Tailors invariably cross the line between reverence and awe when perusing its swatch books, and devoted sartorialists
lucky enough to be invited to the company’s soft-lit archive room at its HQ in Pratrivero, near Biella – in which
designers and textile lovers pore over 2,000 leather-bound volumes of fabrics from all over the world, dating back
to 1860, in the narrow corridors between vast bookshelves – tend to fall into the kind of hushed reverence with
which an art historian explores The Sistine Chapel.
The theme of the company’s AW 2021/2022 collection is “Back to 21”, a reference to the
microns, or diameter of the wool fibre, that provided the raw material for cloths created with colder temperatures
in mind.

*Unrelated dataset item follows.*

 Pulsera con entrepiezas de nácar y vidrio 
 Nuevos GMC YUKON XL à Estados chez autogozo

There’s a highly innovative stroke of trend-bucking at play here: the fashion world has become somewhat
fixated with microns, based on the notion that a higher “super” number automatically means softer to the touch and
generally more luxuriant.
The fabrics introduced here militate against this rather reductive approach, being thicker and fuller, not to mention
more stretchy and more likely to be afforded an idiom popular amongst tailors, “makes up well” (and if a tailor uses
that expression about a fabric you’ve chosen, you can definitely raise your expectations about how the suit’s drape
and silhouette will turn out).
‘Beausoleil’ is a herringbone-effect suit fabric which comes in a range of natural colours from purple to Sienna
brown via green, while there’s also a new worsted flannel with a mouliné yarn in greens, greys, browns and blues.

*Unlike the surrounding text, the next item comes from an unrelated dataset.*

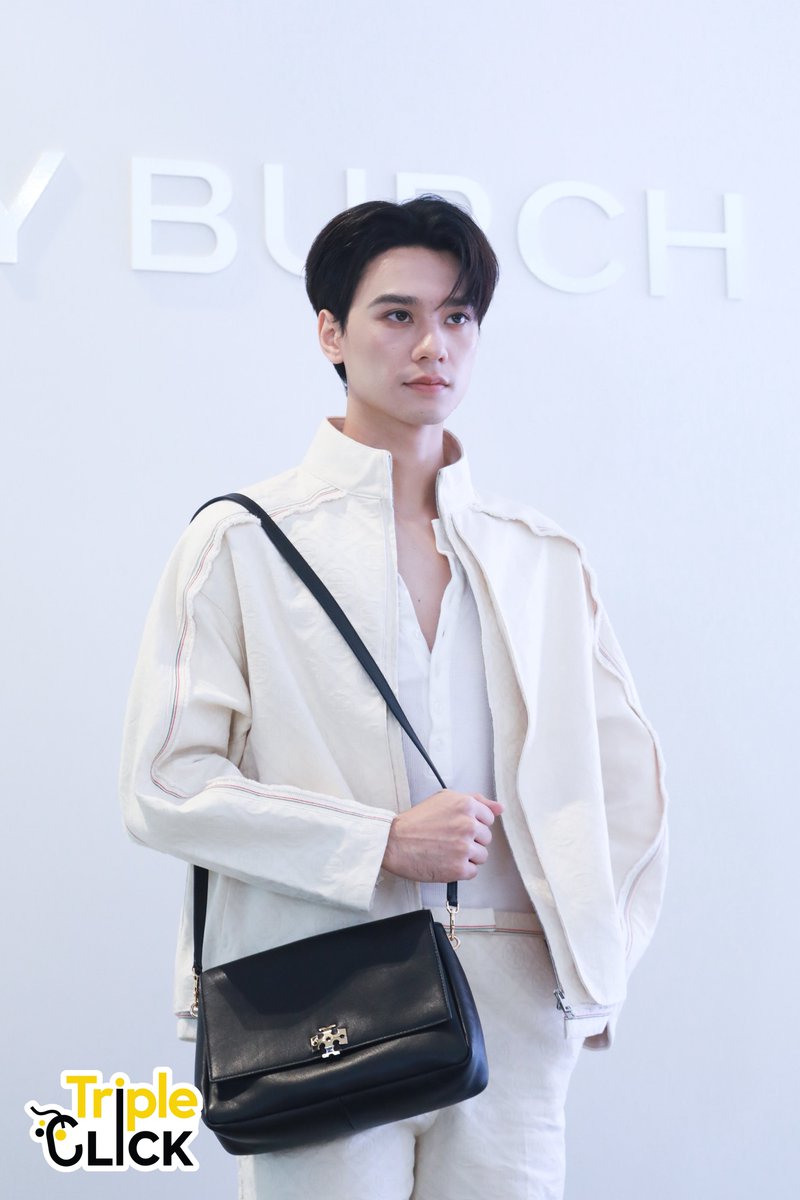 TripleclickTH's tweet photo. เก่ง หฤษฎ์ 🐼 ร่วมงาน Grand Opening ของ Tory Burch Flagship Store แห่งใหม่ ณ ICONSIAM

KENG TORY BURCH AT ICONSIAM
#ToryBurchxKengHarit #KengHarit
#ToryBurchThailand #ToryBurchICONSIAM https://t.co/LJIELfuMrN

Elsewhere, double jacquard cloths (this refers to a method whereby two different fabrics are bonded by a very fine
yarn) see the likes of houndstooth, Prince of Wales and chalk stripes juxtaposed with mélange layers the reverse,
whose colour range includes various tones of grey, green, brown and other organic hues.
As well as wool fibre diameter, the“Back to
21” theme refers, of course, to the year that the Autumn/Winter shortly upon us will take us into.
Vitale Barberis Canonico may well be the world’s oldest continuously operating cloth mill – a member, indeed, of the
international club Les Hénokiens reserved for family companies with at least 200 years’ history – but the roughly
8.5 million metres of cloth its 455 employees produce each year are being created with the future firmly in
focus.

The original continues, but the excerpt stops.